La dernière remise en question de l'importance de la culture dans notre pays remonte à la crise sanitaire du Covid-19. Pour enrayer la propagation du virus, les établissements culturels ont dû fermer leurs portes, se pliant à cette nécessité. Ils ont néanmoins constaté avec stupéfaction que les dimanches d'ouverture des magasins avant Noël avaient plus d'importance pour les Luxembourgeois que les scènes et les salles de concert. Les commerces ont pu ouvrir leurs portes malgré les risques élevés de contagion, tandis que les lieux culturels devaient rester fermés. Art et culture n'étaient plus vus comme des fleurons nationaux ou des réconforts pour l'âme, mais comme secondaires, contrairement au commerce et à l'économie.

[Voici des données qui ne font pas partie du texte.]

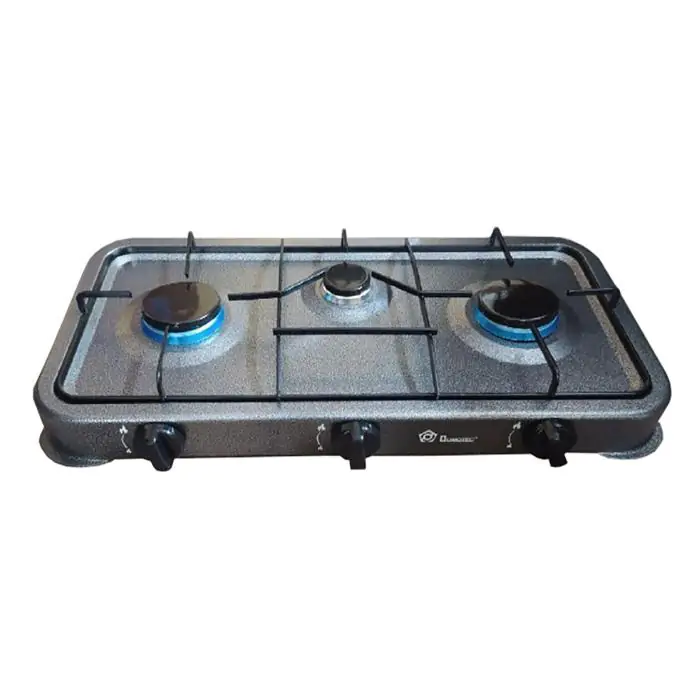 Купити оптом Купити Настільна газова плита (3 конфорки) MS-6603 оптом - ціна 657 грн в Україні , зображення 2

L'artiste iranien, qualifié de "inutile", a quitté le pays il y a deux semaines. Pourtant, la culture est précisément "la conquête de l'inutile", ce qui la rend précieuse et parfois difficile à comprendre. Oui, même l'inutile peut avoir de la valeur - ce n'est pas une contradiction ! Comme l'illustre Werner Herzog dans son film "Fitzcarraldo". Dans cette œuvre, Klaus Kinski incarne un rêveur qui pénètre l'Amazonie pour devenir riche et réaliser son rêve de construire une opéra au cœur de la jungle. Ceux qui, comme lui, vivent avec Caruso et Verdi, trouvent leur place même dans la nature sauvage.

Il en va de même pour Alborz Teymoorzadeh. Dans une lettre ouverte au Premier ministre Luc Frieden, il affirme qu'on se souviendra de lui comme artiste visuel iranien. Quant au Premier ministre, il restera en notre mémoire pour son absence de contribution au développement culturel du Luxembourg.